Balancing the energy needs of humanity and the environmental impact manufacturing that energy will have is one of the biggest challenges of our time. Immense innovation over the last one hundred years has brought forth the carbon-based electricity we use today, natural gas and petroleum generators, and nuclear power. Yet more innovation is needed to meet the needs of the future as the current technologies are simply not up to the task of generating enough energy safely.
According to the American Energy Information Administration (EIA) and to the International Energy Agency (IEA), the world-wide energy consumption will on average continue to increase by 2% per year. (1)
A yearly increase by 2% leads to a doubling of the energy consumption approximately every 35 years. This means the world-wide energy consumption is predicted to be twice as high in the year 2045 as compared to today. In order to maintain the level of energy output significant research must be done in the energy filed in order to meet these demands.
In November of 2011 the Energy Technology Innovation Policy research group, at the Belfer Center for Science and International Affairs published an article entitled “Transforming U.S. Energy Innovation.” (2) This article lists five main thing that eh U.S. Government should do to. In this Brief the authors list five ways that the U.S. Government can help innovation:
1) The U.S. government should dramatically expand its investment in energy RD&D, focused on a broad portfolio of different energy technologies and stages of innovation; 2) The U.S. federal government should implement policies that create market incentives to develop and deploy new energy technologies, including policies that have the effect of creating a substantial price on carbon emissions, and sector-specific policies to overcome other market failures; 3) The U.S. government should take a strategic approach to working with the private sector on energy innovation, expanding incentives for private sector energy innovation, and focusing on the particular strategies likely to work best in each case; 4) The U.S. government should strengthen its energy innovation institutions, particularly the national laboratories, by giving them clear missions and direction; considerable management authority and flexibility with clear accountability for results; stable funding; a culture willing to invest in high-risk, high-payoff projects; and opportunities to lend their insights to the design of the policies and approaches they are helping to implement, including public-private partnerships; and 5) The U.S. government should undertake a strategic approach to energy RD&D cooperation with other countries, to leverage the knowledge, resources, and opportunities available around the world, incorporating both top-down strategic priorities and investment in new ideas arising from the bottom-up. (3)
Unfortunately there does not seem to be any coherent energy policy in the U.S. today. (4) The federal government, state governments, and local municipalities all have a say in their own energy policy with, at times, conflicting goals.
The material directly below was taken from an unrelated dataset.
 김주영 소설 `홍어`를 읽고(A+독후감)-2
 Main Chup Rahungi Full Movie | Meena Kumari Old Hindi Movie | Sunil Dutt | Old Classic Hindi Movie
Without a cohesive strategy, coordinated by a single office or person, most of these admirable goals listed by the Belfer group will not be met. It will be difficult for the U.S. Government to expand its research budget if there is no way to direct the funding to the proper sources, thus failing to meet goals one and four. Without the centralization a single office will provide, goals and two, three and five three are not realistically achievable. The private sectors will be looking out for their present interests and any breakthrough they develop will be kept secret to maximize their profits instead of sharing it. The same could be said for research battles between countries. A central office overseeing research could ensure that the private sectors, and even countries, share research for the benefit of all.
While no one potential source of energy should be left undiscovered, funding all research in the hope that something will happen is equally foolish. Coordinated goals, efforts, and, most importantly, direction are needed to ensure that we can perform the research needed to efficiently, effectively, and safely produce the energy we will need without damaging the environment.